### SUPPLIED DATA ###

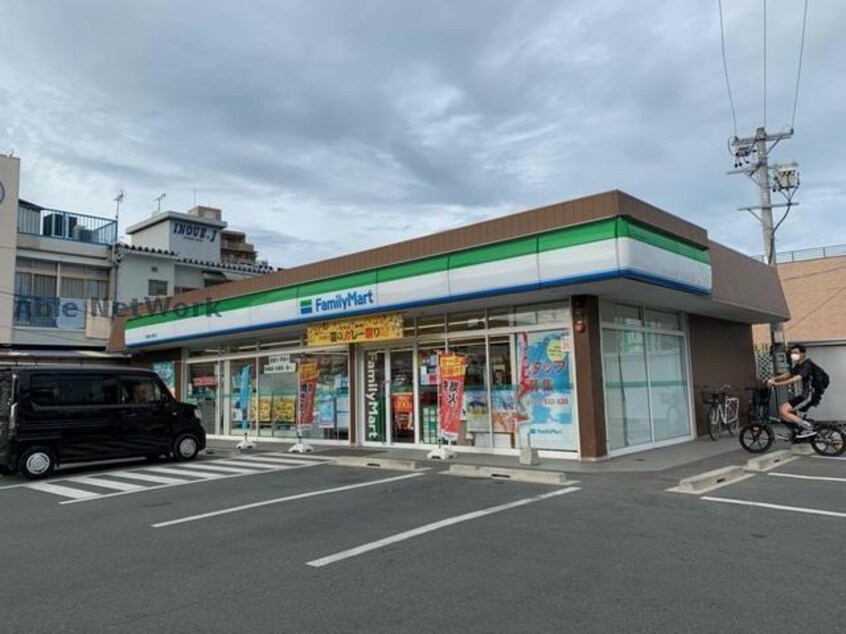 ファミリーマート豊橋上野町店(コンビニ)まで99m レジデンス高師緑地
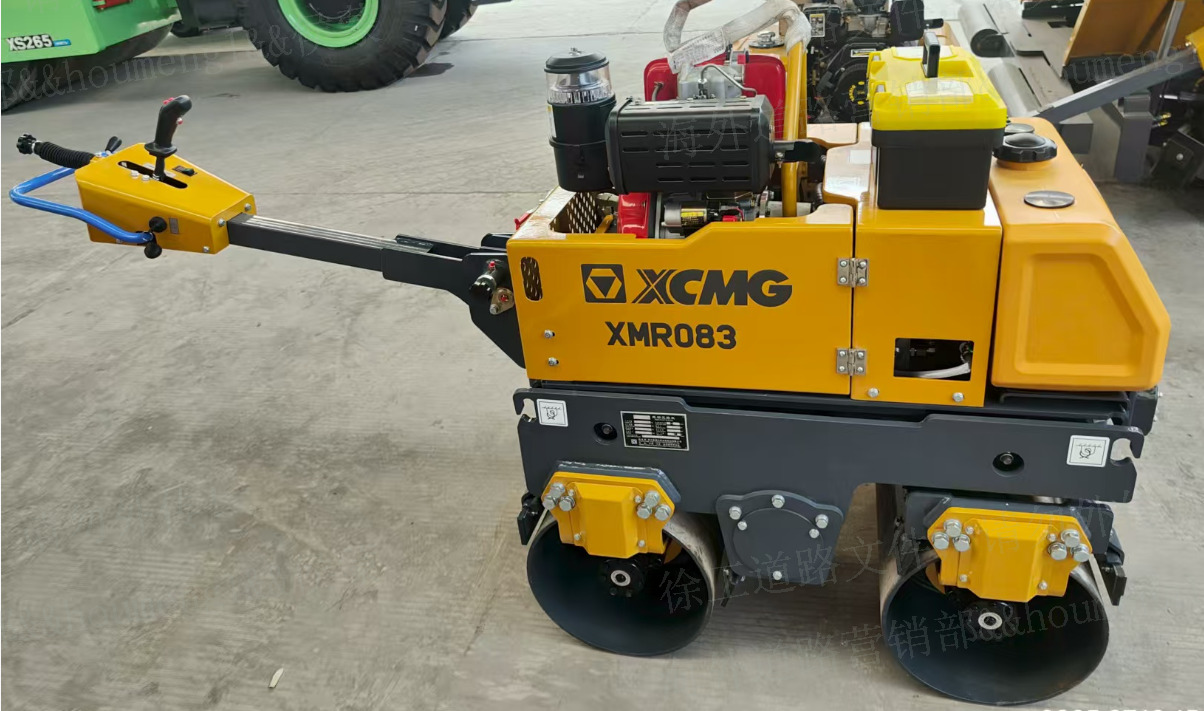 XCMG XMR083 light mini double drum 1 ton vibratory compactor - Каток тротуарный: фото 3 XCMG XMR083 light mini double drum 1 ton vibratory compactor - Каток тротуарный: фото 3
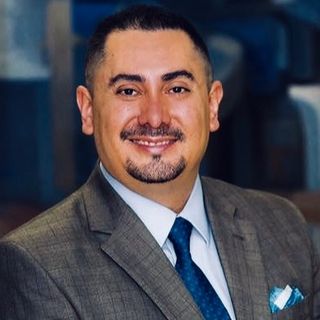 Ampliar imagen: Aníbal Acosta Palacio, Psiquiatra Chihuahua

###

# TO DO:
The whole listing above should be restated word for word, minus any images.

# ANSWER SPACE:
 ファミリーマート豊橋上野町店(コンビニ)まで99m レジデンス高師緑地
 XCMG XMR083 light mini double drum 1 ton vibratory compactor - Каток тротуарный: фото 3 XCMG XMR083 light mini double drum 1 ton vibratory compactor - Каток тротуарный: фото 3
 Ampliar imagen: Aníbal Acosta Palacio, Psiquiatra Chihuahua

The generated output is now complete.